Though theology, like nearly every human endeavor, is a collaborative process, not many eminent theologians turn in articles with the names of co-authors attached. But Miroslav Volf’s article arrived bearing no fewer than five additional names—Joseph Cumming, David Miller, Andrew Saperstein, Christian Scharen, and Travis Tucker, his colleagues at the Yale Center for Faith and Culture.
That generosity is a good clue to Volf’s contribution to Christian theology. His 1996 book Exclusion and Embrace was both a serious work of biblical and theological investigation and a deeply personal reflection on the horrors of sectarian violence in his native Croatia, setting a standard for personal engagement with its subject that theology, unfortunately, rarely meets.

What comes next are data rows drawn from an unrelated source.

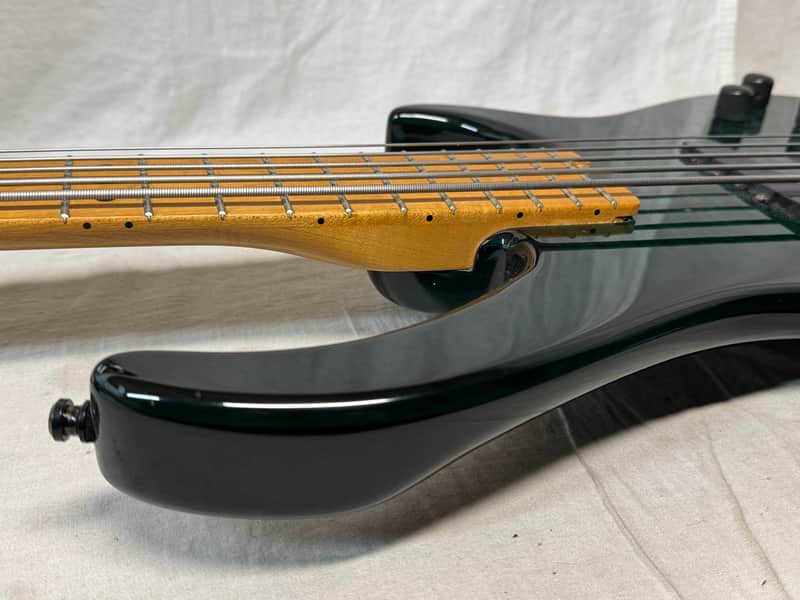 Peavey Millennium 5-string Bass - Image 19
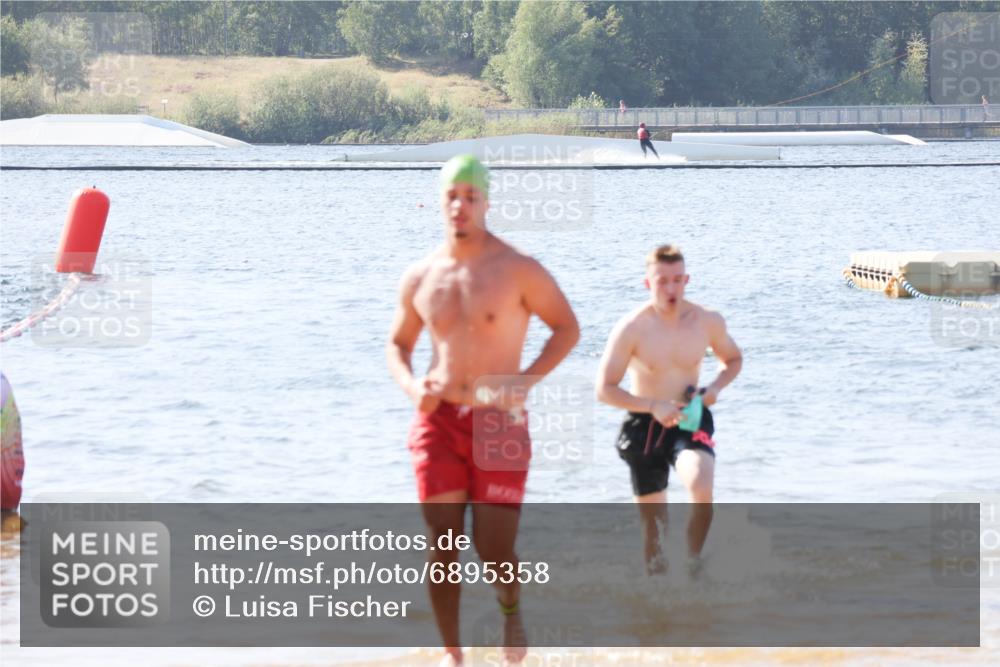 01.09.2024 - 17. Tribühne Triathlon Luisa Fischer http://msf.ph/oto/6895358 01.09.2024 11:06:21 Schwimmen 355, 369 meine-sportfotos.de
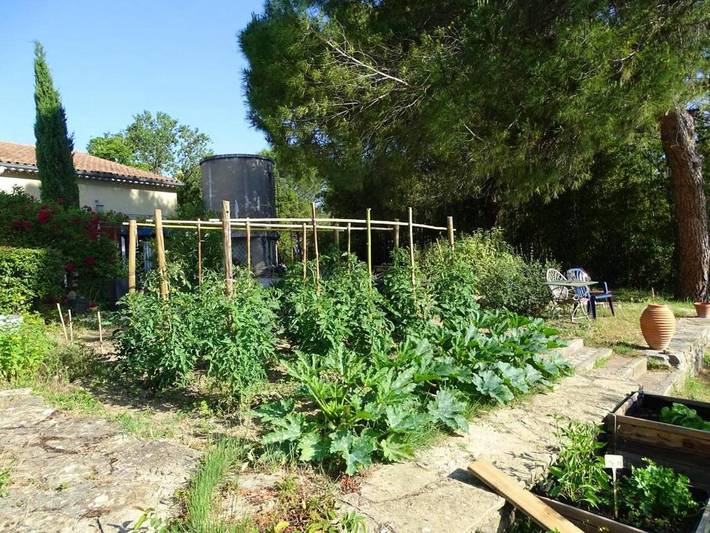 Location de vacances pour 3 personnes, avec piscine ainsi que jardin et terrasse à Cardet - 3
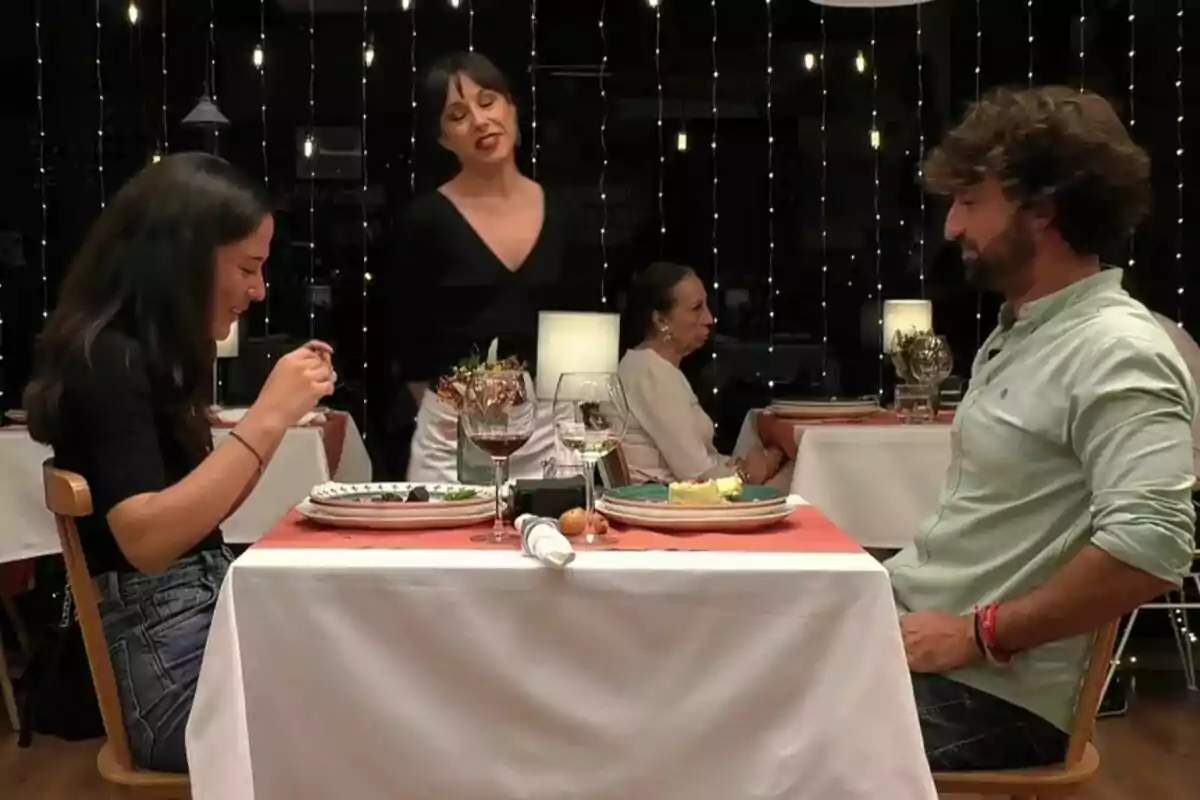 Captura de Sandra y Óscar cenando en 'First Dates' Captura de Sandra y Óscar cenando en 'First Dates'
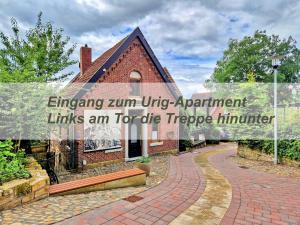 ein Backsteingebäude mit den Worten „emerging zerm living apartment units an for dievere“ in der Unterkunft Bed Bentheim in Bad Bentheim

The Yale Center for Faith and Culture is dedicated to advancing faith as “a way of life,” not just a way of thinking—a way that should transform every human practice. While the essay responds to the question we’ve been addressing in CT’s 50th anniversary year—How can followers of Christ be a counterculture for the common good?—the Yale Center staff’s collaboration is also an eloquent answer all by itself.
There is a remarkable image in the closing pages of Scripture that has become a touchstone for the way my colleagues and I think about faith and culture. Amid its descriptions of the New Jerusalem, Revelation includes “the tree of life, bearing 12 crops of fruit, yielding its fruit every month. And the leaves of the tree are for the healing of the nations” (Rev. 22:2). The tree holds out hope that whole cultures will be healed and mended, becoming places where people can flourish. And it sets an agenda for faith as a way of life that contributes to that flourishing, in anticipation, here and now.
Too often, however, Christian faith neither mends the world nor helps human beings thrive. To the contrary, it seems to shatter things into pieces, to choke what’s new and beautiful before it has chance to take root, to trample underfoot what’s good and true.
Some of faith’s damaging effects are a matter of perspective. Prizing power, philosopher Friedrich Nietzsche derided Christianity for its “active sympathy for the ill-constituted and weak.”
But even according to its own standards, Christian faith has been put to the most scandalous uses. As we reflect on how followers of Christ can exemplify “a counterculture for the common good,” it’s important to keep these ill effects of faith in mind. I’ll call them “malfunctions” and group them under two rubrics: idleness of faith and oppressiveness of faith.
Spectacular Failure
He was a “good Christian man,” he even taught Sunday school, and yet he ended up presiding over one of the worst business frauds in history, involving thousands of people and billions of dollars. I could be referring to any number of executives in the business-page headlines of the past several years, from Enron to WorldCom and beyond. Why didn’t their faith prevent their crimes? I suspect at least three factors were at work in their faith’s spectacular failure.
First, the lure of temptation. In a way, fraud in business is no different from infidelity in marriage or plagiarism in scholarly work. Even people committed to high moral standards succumb.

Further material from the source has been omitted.